Nonostante l’accordo sulla legge elettorale sia praticamente chiuso, chi preferisce non sbilanciarsi è Ettore Rosato, capogruppo Dem alla Camera e sherpa che segue le trattative per conto del pd. Al termine del giro di consultazioni Rosato parla di “giornata positiva” senza però entrare nei dettagli. Stessa linea del Movimento Cinque Stelle che non si dilunga nei particolari al termine del faccia a faccia con la delegazione Dem: “E’ stata una riunione cordiale e distaccata”, fa sapere Roberto Fico che ha sul tavolo delle trattative ha posto due punti intoccabili per l’M5s: soglia di sbarramento al 5% e correttivi per la governabilità.

Un nuovo faccia a faccia è invece previsto con tra i Dem ed Mdp nella giornata di mercoledì: “Aspettiamo che il Pd definisca una proposta”, spiega Alfredo D’Attorre che a nome del suo partito fa sapere di non avere nulla in contrario alla soglia di sbarramento del 5%. Stesso ragionamento fatto da Nicola Fratoianni di Sinistra Italiana.

Discorso diverso invece per Giuliano Pisapia ed il suo campo progressista.

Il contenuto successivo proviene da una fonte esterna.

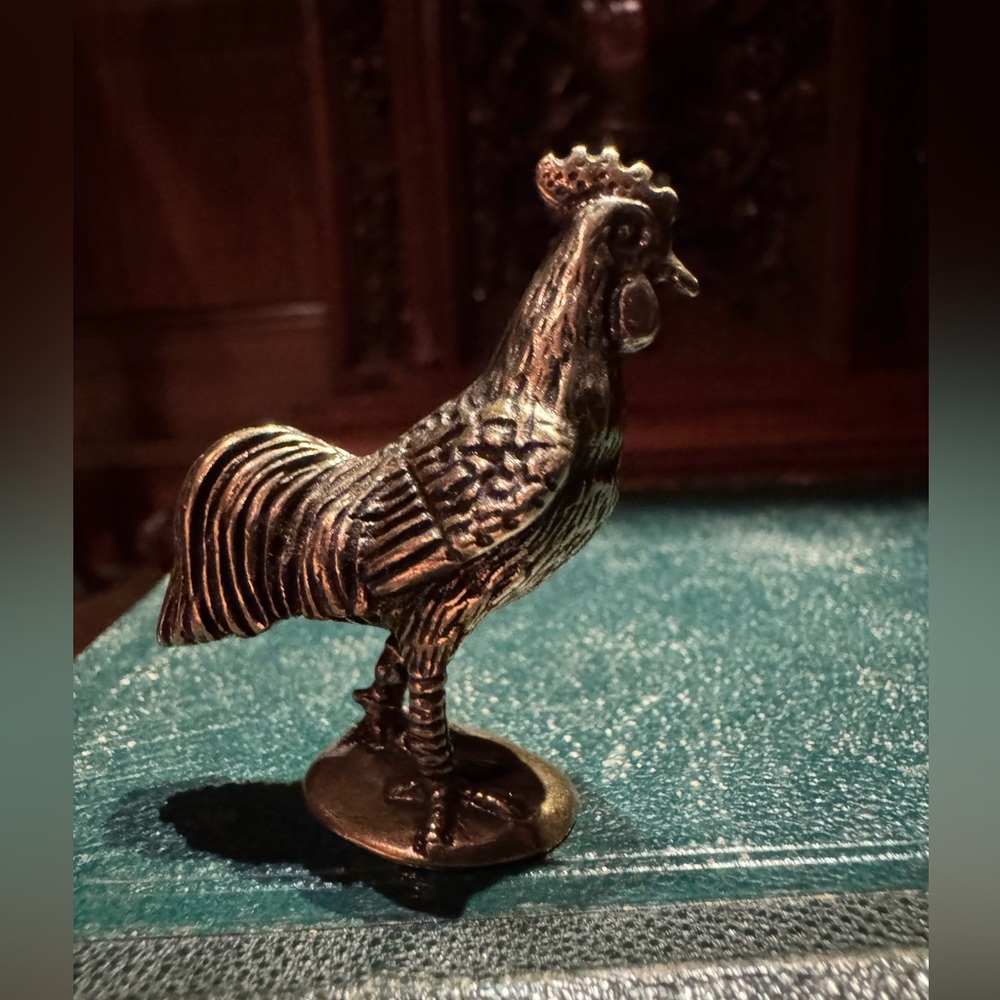 Solid Brass Standing Rooster Vintage-style Sculpture Desk Decor - Picture 12 of 12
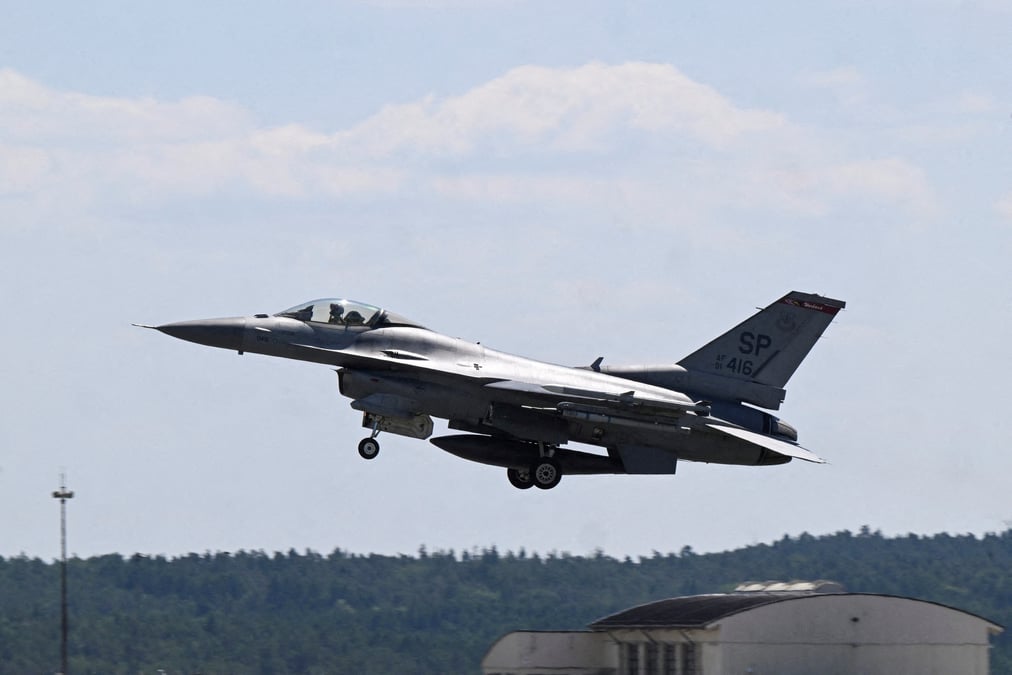 Parmi les ventes approuvées en 2024, la Turquie a acheté pour 23 milliards de dollars d'avions de combat F-16 Fighting Falcon et de mises à niveau.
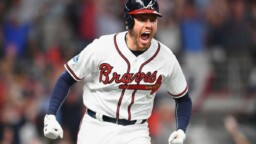 MLB: Dodgers 'major' players want team to sign Freddie Freeman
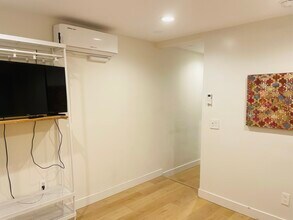 7034 Yarmouth Ave, Unit 7036 in Reseda, CA - Building Photo - Building Photo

L’ex sindaco di Milano, che in molti vedono come il possibile catalizzatore di tutti i soggetti a sinistra del Pd, ribadisce il suo no al proporzionale ed in una nota del suo movimento fa trapelare di essere “negativamente colpito dalla convergenza di molte forze verso una legge elettorale che condurrà molto probabilmente a un governo di larghe intese di cui questo Paese non ha bisogno”.

L’obiettivo non è “l’aggregazione” per superare il quorum ma “un progetto innovativo di donne e uomini che credono in un nuovo campo comune dove tutti cedano parte della loro sovranità”. Un discorso che raccoglie consensi anche dentro il Pd: “Bene la proposta di Pisapia, serve un centrosinistra”, osserva ad esempio Gianni Cuperlo che prende atto di come “non esista più una maggioranza politica”.